Range Redesign: Copy Semantics

Mon Jan 22 05:22:44 UTC 2024

On Monday, 22 January 2024 at 03:52:02 UTC, Jonathan M Davis 
wrote:
> On Sunday, January 21, 2024 6:50:26 AM MST Alexandru Ermicioi 
> via Digitalmars- d wrote:
>> Then new input range api can also be propagated to other types 
>> of range such as forward range and further.
>
> Part of the point here is to _not_ do that, because they 
> fundamentally have different semantics.

I think maybe we're losing sight of the big picture in this 
discussion.

The big-picture, overarching goal of the range API is to provide 
a common interface between data structures and algorithms. You 
have N data structures and M algorithms, and by using this common 
interface you can implement all N*M combinations in O(N+M) code. 
Each data structure implements the range API once, and each 
algorithm is implemented once using the range API.

If you split the API in two, by making input streams (basic input 
ranges) and forward ranges completely disjoint, you undermine 
this goal. Now, each data structure has to implement *two* APIs, 
and each algorithm has to be implemented *twice*, once for input 
streams and once for forward ranges.

In practice, what's going to happen is library authors will 
simply not bother to implement both, and we will end up with gaps 
where many (data structure, algorithm) pairs are not covered.

I appreciate the desire to provide consistent copying semantics, 
but if it comes to a choice between that and having a single 
unified API, I will choose the unified API, warts and all.

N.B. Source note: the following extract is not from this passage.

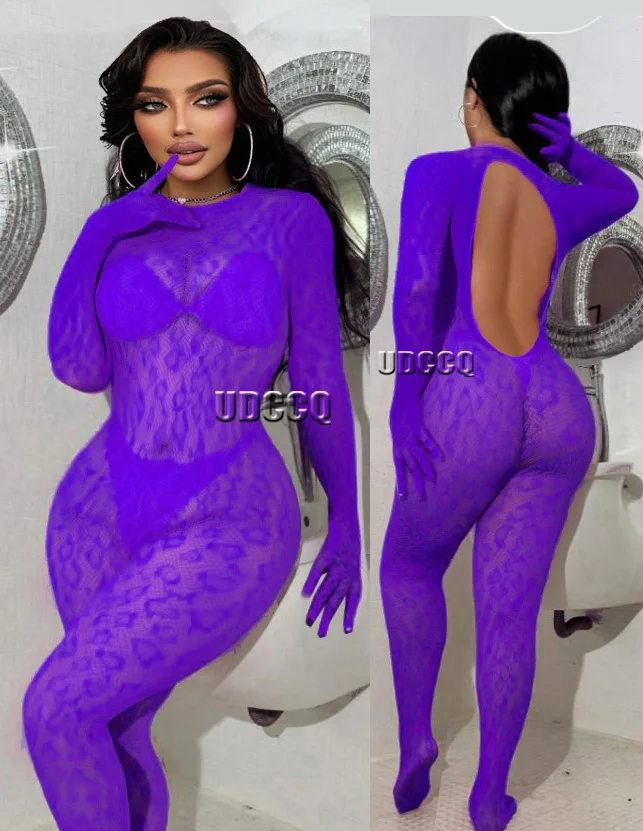 Sexy Lingerie Leopard sexy underwear Bodystocking lenceria Chemises wedding night Bodysuits toy Best Sleepwear apparel+glove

> Restricting copying would make ranges borderline unusable. They 
> have to be able to be passed around and be wrappable, which 
> means either copying them or moving them, and moving them would 
> be very un-user-friendly, since it would require explicit calls 
> to move calls all over the place.

Worth noting that generic range algorithms already have to 
account for the existence of non-copyable types, since even if a 
range itself is copyable, its elements may not be.

Also, as I pointed out in an earlier reply to Walter [1], there 
are legitimate use-cases for non-copyable input streams, where 
making them copyable would incur a significant performance 
overhead.

I think the correct solution to this is something like DIP 1040, 
which makes non-copyable types less of a pain to work with in 
general.

[1] 
https://forum.dlang.org/post/sullaynnrjufookbuijt@forum.dlang.org

---

In light of the points above, my proposed copying semantics for 
input streams are:

1. Input streams MAY be non-copyable, but are not required to be.
2. If you copy an input stream and then call next() on the 
original, the behavior of both the original and the copy is 
unspecified.

That is, I think we should give up on having 100% consistent 
copying semantics in this one case, in order to keep the overall 
API unified (by supporting UFCS next()) and avoid unnecessary 
pessimization of range algorithms.

The good news is that with these semantics, if you write you 
generic code conservatively and treat all input streams as 
non-copyable, you'll get the right behavior in all cases. And if 
you don't, you'll get a compile-time error as soon as you 
actually try to pass in a non-copyable input stream, and you'll 
know exactly how to fix it. So this design is still an 
improvement on the status quo.